Plenty of tourists visit Sant'Andrea al Quinnale. They go to see what I like to think of as the great Baroque dance-off: two rival architects, two masterful jewel-like churches, and two wildly different styles just a few blocks apart. Bernini pops and locks here at Sant’Andrea while Borromini vogues at San Carlo alle Quattro Fontane. Taken together, they make an amazing architectural and artistic experience.
But a lot of people who visit Sant'Andrea for the architecture miss the best part. Sure they all get to see the gilded dome and the marble putti poking their little heads out, but they miss the rooms of St. Stanislaus Kostka, accessible up a staircase to the right if there’s a sacristan on duty.

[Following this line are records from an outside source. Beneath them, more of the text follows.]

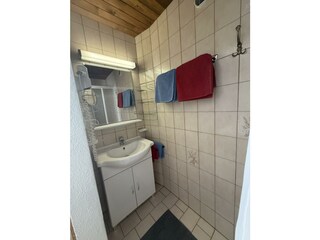 Badezimmer (zweites Schlafzimmer)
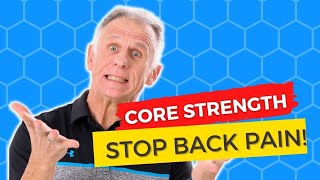 5 Min. Core Workout-Good For Low Back Pain!
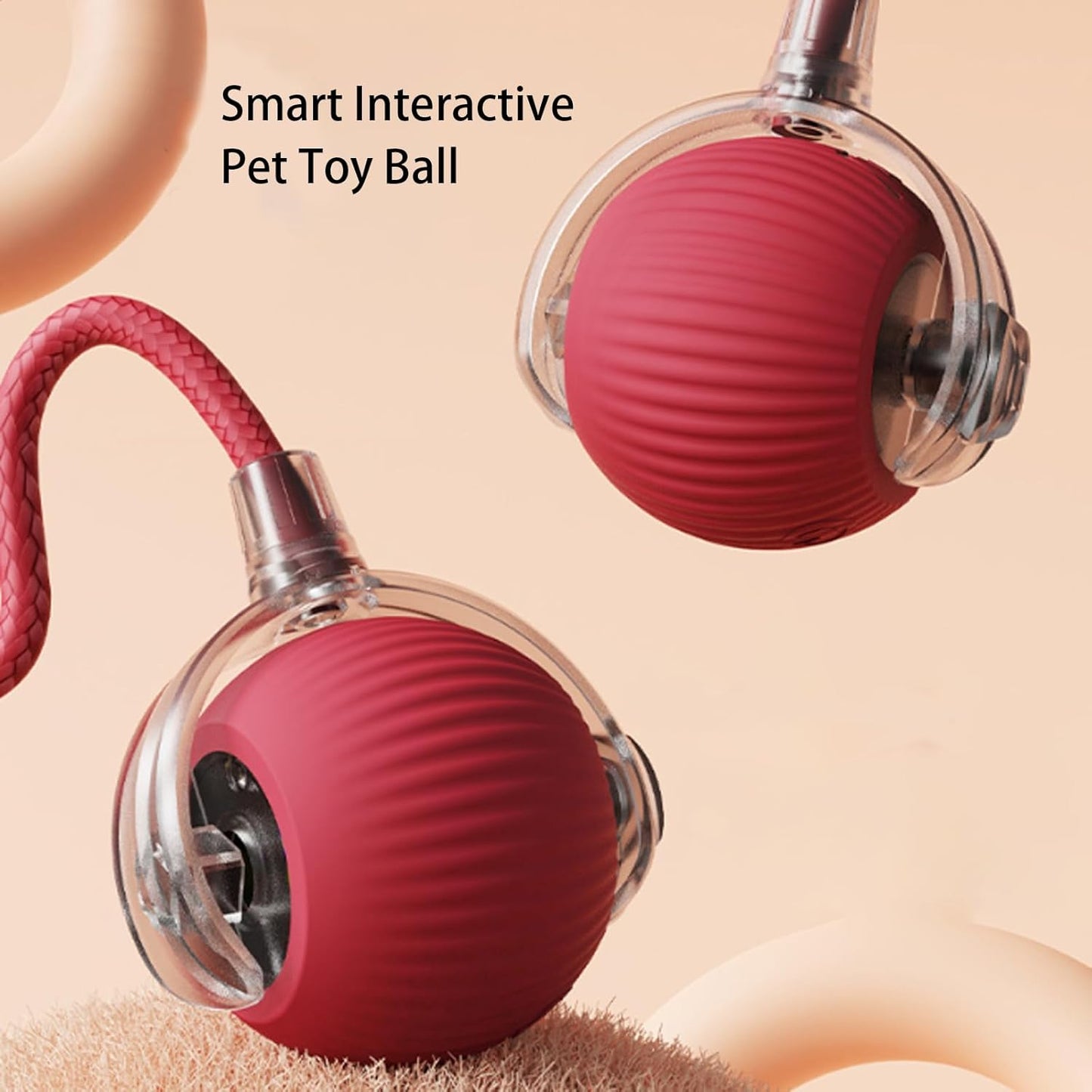 Boule Interactif pour Animaux pour Divertissement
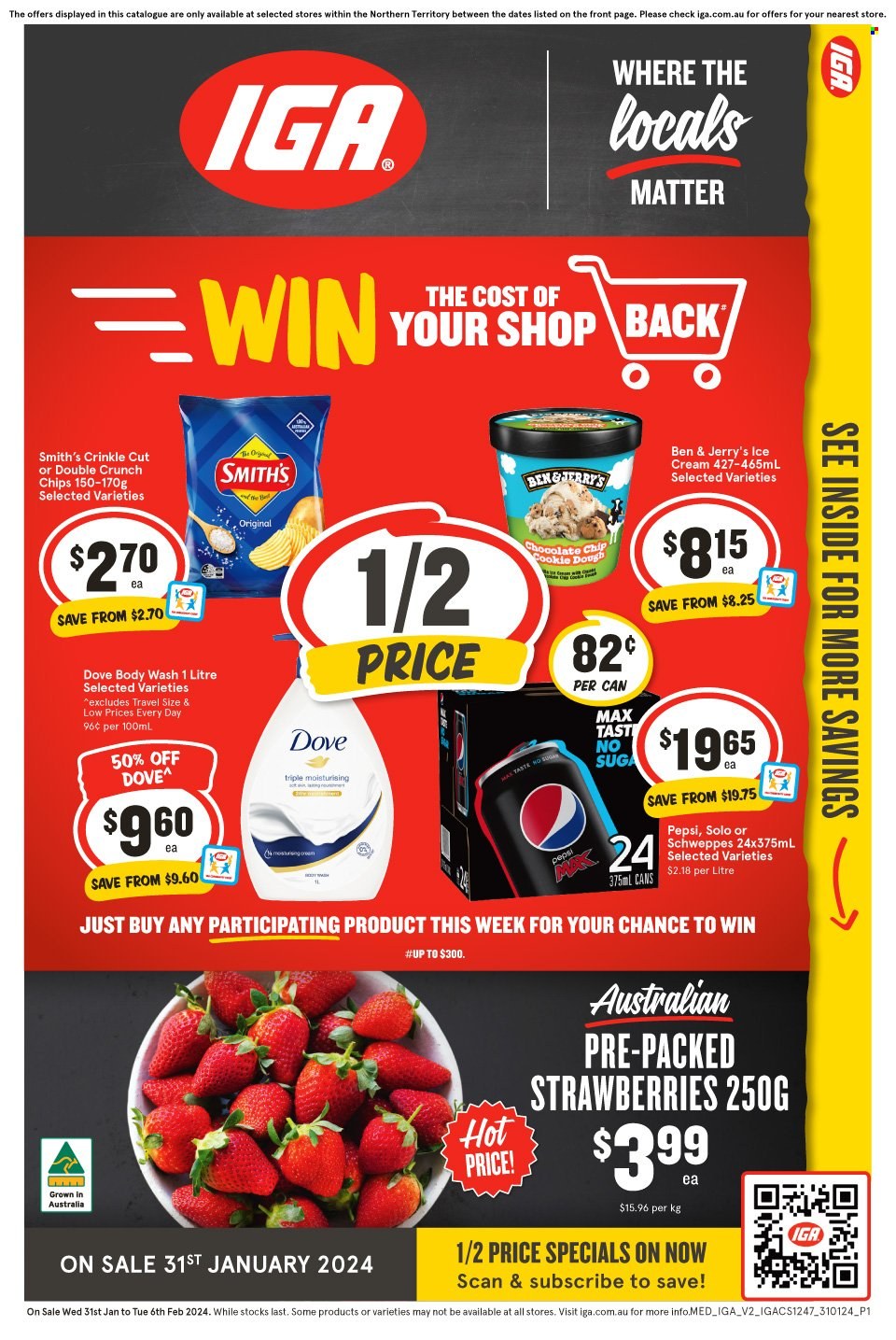IGA catalogue - 31 Jan 2024 - 6 Feb 2024. Page 1
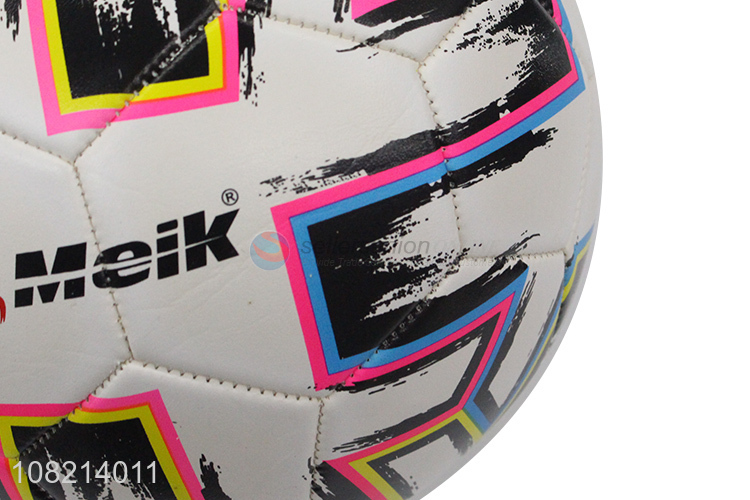 Cool Design Fashion Official Size 5 Football Game Soccer Ball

The life-sized marble effigy of St. Stanislaus can catch you off guard when you walk in. The rooms, while still Baroque, are softer and more personal, especially if you compare them to the church downstairs. This makes the sculpture even more shocking. Stanislaus is depicted as a young Jesuit novice of 18, moments away from death. He died after coming down with a fever and you can almost see the sweat beading up on the stone. The bilious colors of marble are typical of polychrome funerary work in Rome- they’re purposefully sickly and unsettling. Sometimes this particular pose is called trepasso, literally the Italian word for transition. It shows a moment of ecstasy between life and death. It was a favorite of Bernini’s so it’s fitting that this example by Le Gros wound up in his best church.
Since there’s no barrier around the piece, you really get the sense that you’re in the room with the saint and you can examine the sculpture closely. In one hand he holds a small, framed image of the Virgin Mary, in the other a real rosary. Above his head you can see where the painting’s frame has been curiously notched out to accommodate the sculpture which was installed first. Some of his relics and belongings are displayed in a case to the left. It’s one of those rooms that’s so intimate, you feel the need to tiptoe even if there’s no one else there.
Downstairs you can see his relics in a lapis urn, similar to the ones used by fellow Jesuits at Il Gesu.